Released audio suggests Greek train driver told to ignore red light

Workers went on strike Thursday saying the rail system is outdated, underfunded and dangerous. University students protested before the headquarters of private operator Hellenic Train in Athens

Accident in Greece
The wreckage of the trains lie on the rail lines, after Tuesday's rail crash the country's deadliest on record.Giannis Papanikos (AP)

Family members awaited the results of DNA testing to identify victims of a train crash that killed nearly 60 people in Greece, as workers went on strike Thursday saying the rail system is outdated, underfunded and dangerous.

Railway workers’ associations called strikes, halting national rail services and the subway in Athens to protest working conditions and what they described as a dangerous failure to modernize the rail system. A second 24-hour strike was called for Friday. Also on Friday, university students chanted slogans during a protest as they headed to the headquarters of private operator Hellenic Train in Athens.

Two separate protests in central Athens were held by left-wing groups, with one resulting in clashes between stone-throwing youths and riot police. Protests were also held in Thessaloniki and Larissa.

University students chant slogans during a protest as they head to the headquarters of private operator Hellenic Train, in Athens on Friday.
University students chant slogans during a protest as they head to the headquarters of private operator Hellenic Train, in Athens on Friday. Petros Giannakouris (AP)

The station master of Greece’s Larissa city, who was charged on Thursday over the country’s worst train crash, assumes some responsibility for the disaster but other factors were also at play, his lawyer said.

On Tuesday evening, a passenger train with more than 350 people on board collided head-on with a freight train near the city of Larissa, some 220 miles north of the capital Athens. The trains were travelling in opposite directions on the same track.

The 59-year old station master was arrested hours later. Greek railway unions have long complained of slipping safety standards which place both passengers and workers at risk.

“Pass the red signal”

A recording of the communication between the train driver and the station master which was published on the news website Proto Thema suggested the latter told the driver to continue past a red signal.

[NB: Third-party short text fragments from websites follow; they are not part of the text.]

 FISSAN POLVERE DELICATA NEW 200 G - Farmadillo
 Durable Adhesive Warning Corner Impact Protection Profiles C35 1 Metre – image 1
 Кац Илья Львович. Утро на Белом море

"Is Larissa listening?" the driver said referring to the station master, according to the recording.

"It is listening... pass the red signal at the exit until the entrance signal at Neoi Poroi (station)," the station master responded.

But that order did not strike the driver as strange as the signalling system had been dysfunctional, Proto Thema reported.

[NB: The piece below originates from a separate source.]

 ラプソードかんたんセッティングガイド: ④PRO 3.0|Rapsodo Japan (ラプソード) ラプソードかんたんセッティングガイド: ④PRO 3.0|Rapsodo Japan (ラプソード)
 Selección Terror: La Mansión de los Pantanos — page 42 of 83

Station masters are hired by OSE, the Greek railway infrastructure operator, while train drivers are hired by Hellenic Train, a subsidiary of Italy's Ferrovie dello Stato Italiane.

Earlier on Thursday, government spokesman Giannis Oikonomou said "the station master had confessed to negligence" and that the train crash was caused by a human error.

The detainee, who according to Greek state media reports was assigned his role about a month ago, appeared before a prosecutor on Thursday morning. Felony charges were laid against him for disrupting transport and putting lives at risk, his lawyer Stefanos Pantzartzidis said outside the courthouse.

"He is literally devastated," Pantzartzidis told reporters. "Since the first moment, he has assumed responsibility proportionate to him ... he is not in a position to say anything else."

Pantzartzidis said that his client followed the existing procedure partially and he could have been "possibly more careful, which he accepts and takes responsibility for, but until there". He added that "there has been convergent negligence by many other factors".

Pantzartzidis did not specify which factors he believed were at play in the accident or give details about what procedures his client had not followed. Authorities have not made public the name of the accused.

The man, who according to a police official had initially denied wrongdoing, attributing the incident to a technical failure, was expected to respond to the charges on Saturday.

A retired train driver instructor, Nikos Tsouridis, told state TV earlier on Thursday that the station master was trained but inexperienced.

"They will pile everything on the station master. He was trained, but inexperienced. They should never have assigned him to a central station like Larissa, and on his own."

"He had completed his training, but he had been there (in that position) for a month."

Greece's railway is functional mainly because of the trained drivers and station masters, Tsouridis said.

"The railroad only works today because of the drivers, because they are well trained, and staff," he said. Pantsartzidis did not say how long his client had been in the job in Larissa, one of the largest cities in Greece.